Based on this evidence, the defendant was charged with possession of child pornography. The defendant filed a motion to suppress the evidence, arguing that it was outside the scope of the warrant. The initial motion was denied because the court was under the impression that KFF was an all-or-nothing option. Upon learning that the KFF can be turned on and off in a motion to reconsider, the court granted the motion to suppress.

The court justified its decision as follows:

The Court of Appeals has recognized that where the KFF alert flags a file as child pornography, an agent could be acting outside the scope of the warrant if he opens the flagged files without obtaining a new warrant. . . .

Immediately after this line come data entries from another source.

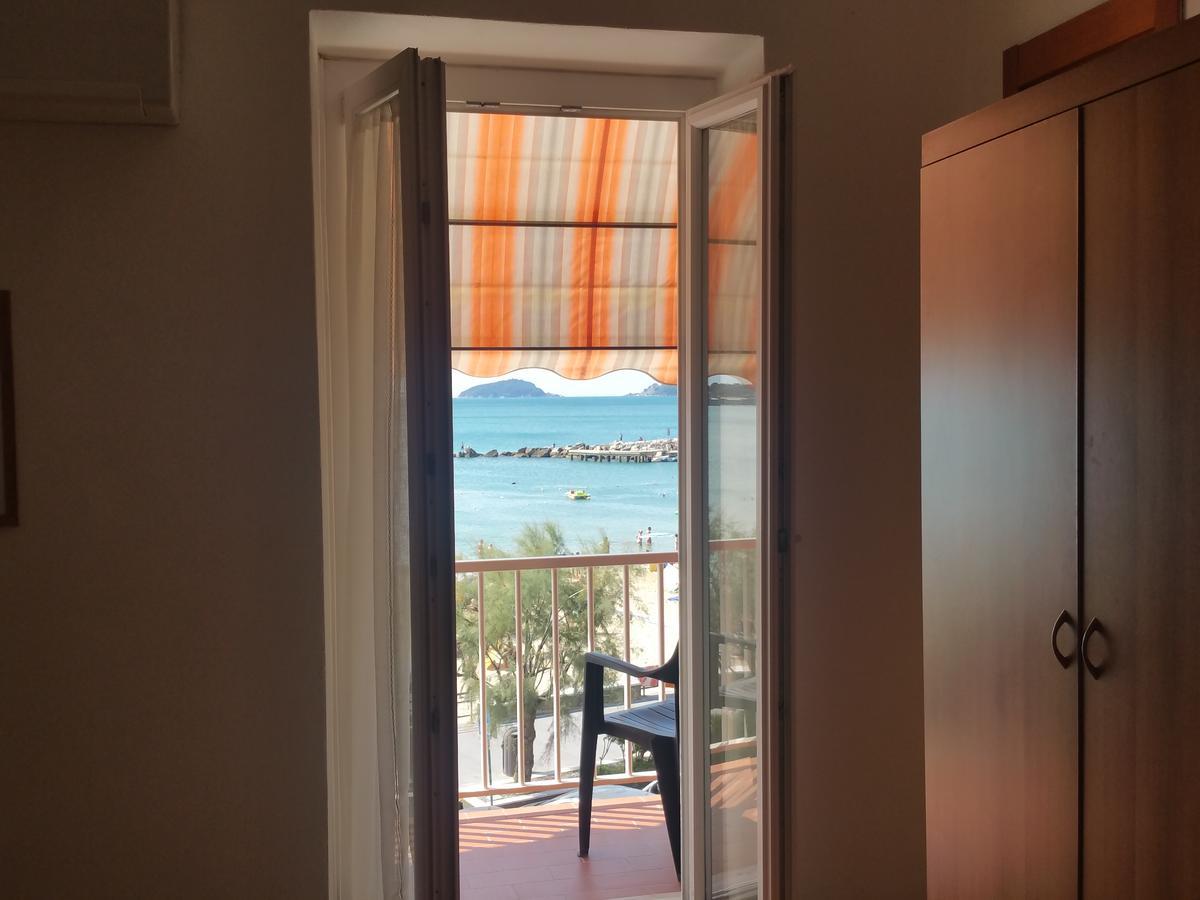 לריצ'י Albergo Nettuno מראה חיצוני תמונה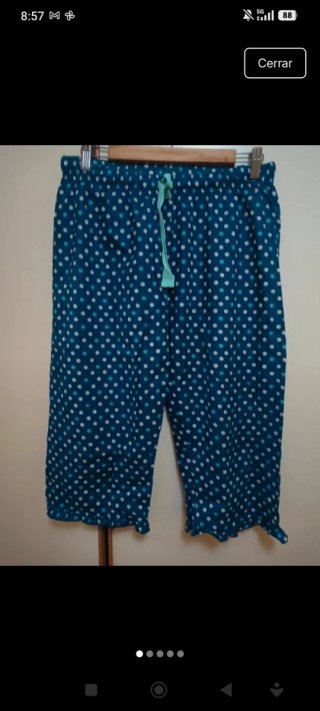 Pantalones pijama capri con estampado de lunares.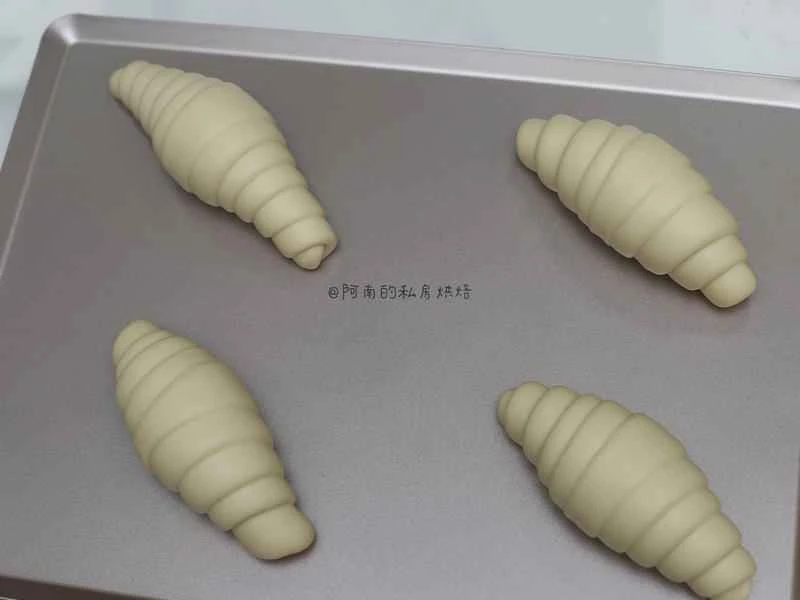 How to make pure milk hand-torn toast: Step 1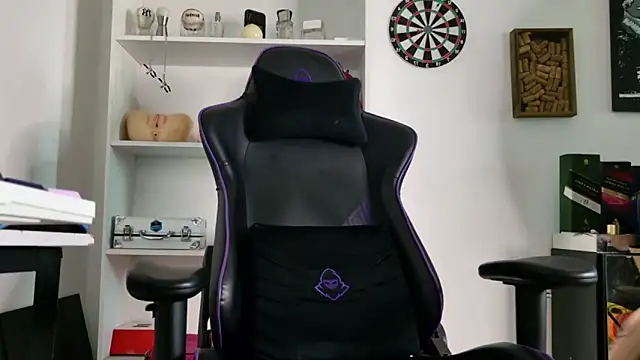 aaron nvk online show from March 21, 2026, 6:33 pm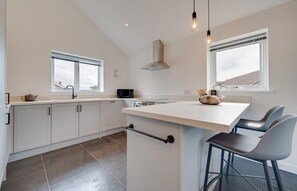Microwave, oven, dishwasher, high chair - 3 Bed in Barmouth (oc-wah701) (Barmouth)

By opening the “Vicky” files flagged by the KFF alert, McNamee knew or should have known that those files would be outside the scope of the warrant to search for evidence of passport fraud or identity theft, particularly as the warrant did not specifically refer to evidence found in video files. . . .

. . . the Court finds that Agent McNamee took an affirmative additional step to enable the KFF alerts that would identify known child pornography files as part of his search for evidence of passport fraud or identity theft. In a case where the professed subject matter sought in the search bore no resemblance to child pornography, it is difficult to construe this as anything other than a deliberate expansion of the scope of the warrant, or at the very least, an affirmative step that effectively did so.

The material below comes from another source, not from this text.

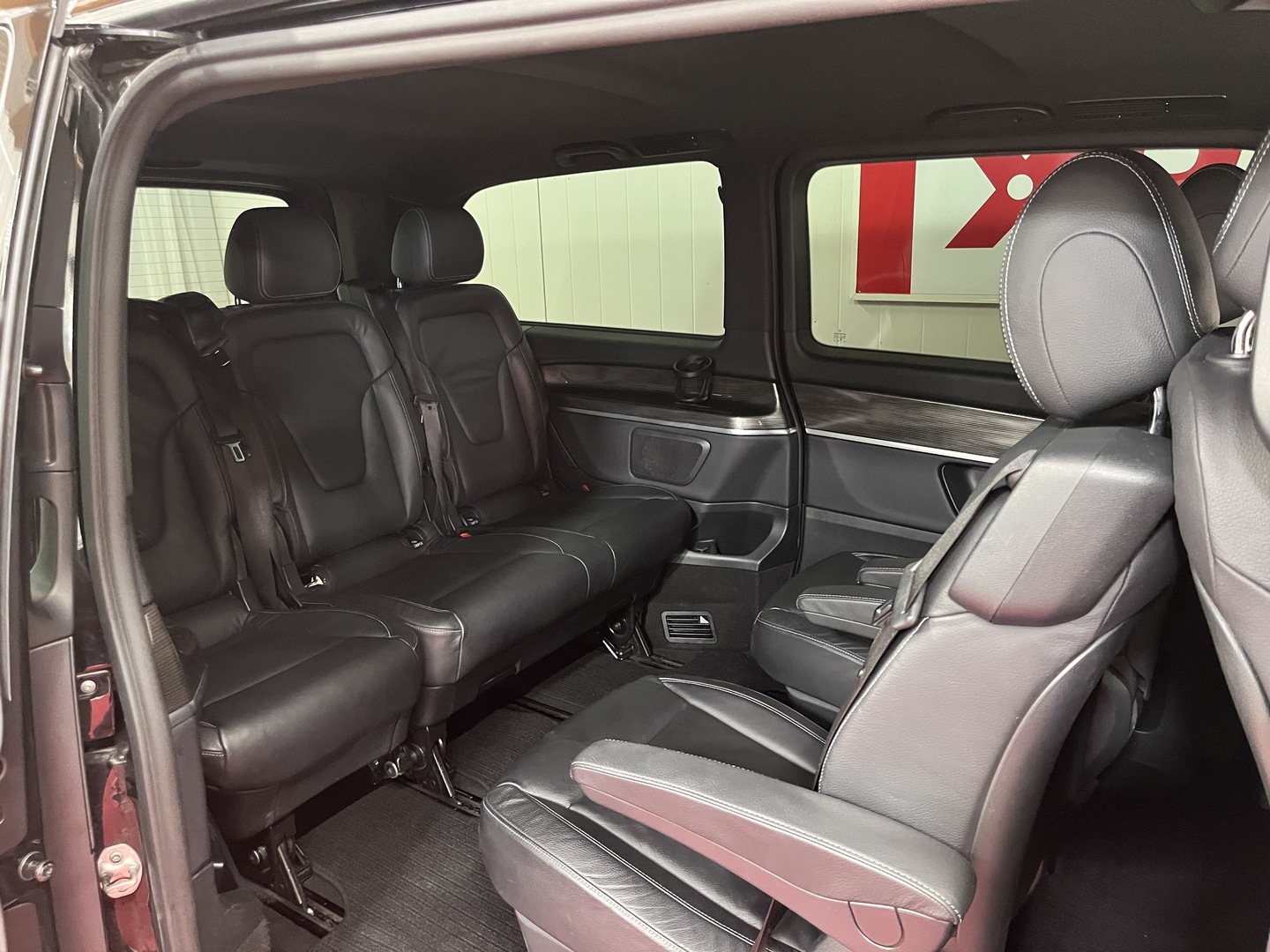 MERCEDES-BENZ V 2023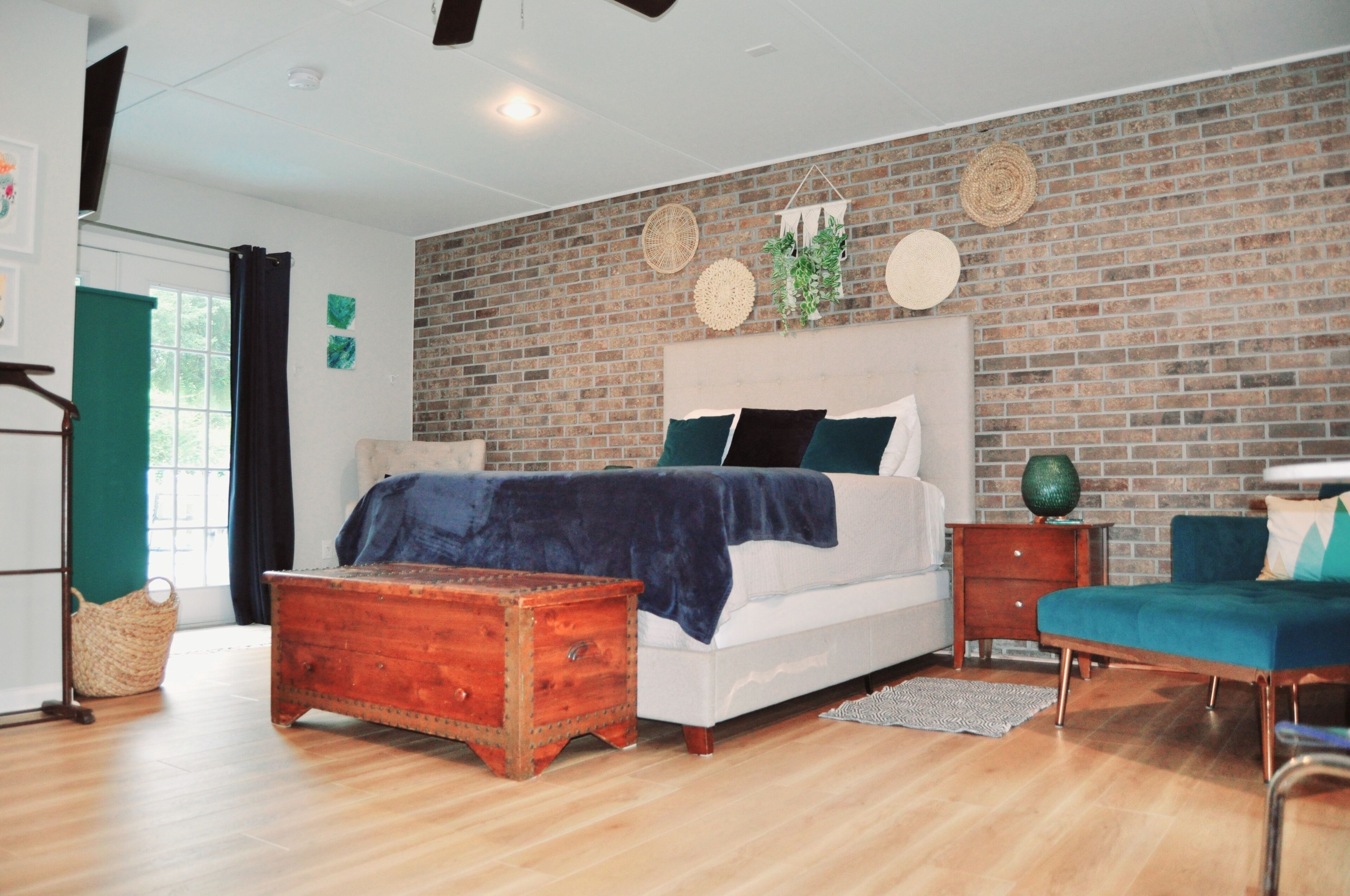 1 bedroom, iron/ironing board, WiFi (free), bed sheets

Holding that use of a method like KFF to search a computer which was not suspected of child pornography at the outset, is the correct outcome. As the court said, that was an affirmative step. The government argued that the evidence would have inevitably been found (which is likely true if they had just done a straight image search and ran through those images), but the court was unpersuaded by that argument, stating that it missed the point. And to the extent that the government intertwined the inevitability of file discovery to the plain view doctine, the court was still unpersuaded. The court stated that  the KFF had placed the officer somewhere he wasn’t supposed to be (by bringing the files directly to his attention) and that is different in kind from other cases where CP found in the course of an investigation is allowed because it is discovered inadvertently – often under plain view doctrine. The court noted that “the suggestion that the agent inadvertently came across a file when that same agent specifically set up the situation to find and highlight this type of file by ‘clicking’ to enable the KFF alert is untenable.”

The court summed up the holding stating that each step in the process may not have violated the Fourth Amendment, but (1) the knowing use of the KFF with CP values, (2) the alerts on the CP,  and (3) the choice to open the files to confirm their contents combined to lead to only one permissible outcome: suppression.

The court correctly noted that this problem is not going away, and that evidence from computers must be dealt with differently because of its permanence, and the unlikeliness of a staleness argument. The courts offered that:

Given the ever increasing state of technology and consequently, technology related crimes, the Court finds that this issue is not going to go away, and in fact, will likely become more prevalent and finely contoured. Digital images or files can be located nearly anywhere on a computer and “may be manipulated to hide their true contents.” . . . Accordingly, more comprehensive and systematic searches have been found to be reasonable. . . . Nevertheless, it is also important to note that there is normally no fear of degradation or dissipation of evidence or a rapidly evolving situation requiring the need to “shoot from the hip” in examining seized computer files without a proper warrant. . . . In fact, Judge Posner recently noted that the doctrine of staleness has taken on new contours as a result of technological advancements and the importance of employing a “realistic understanding of modern computer technology” when evaluating Fourth Amendment challenges to computer searches.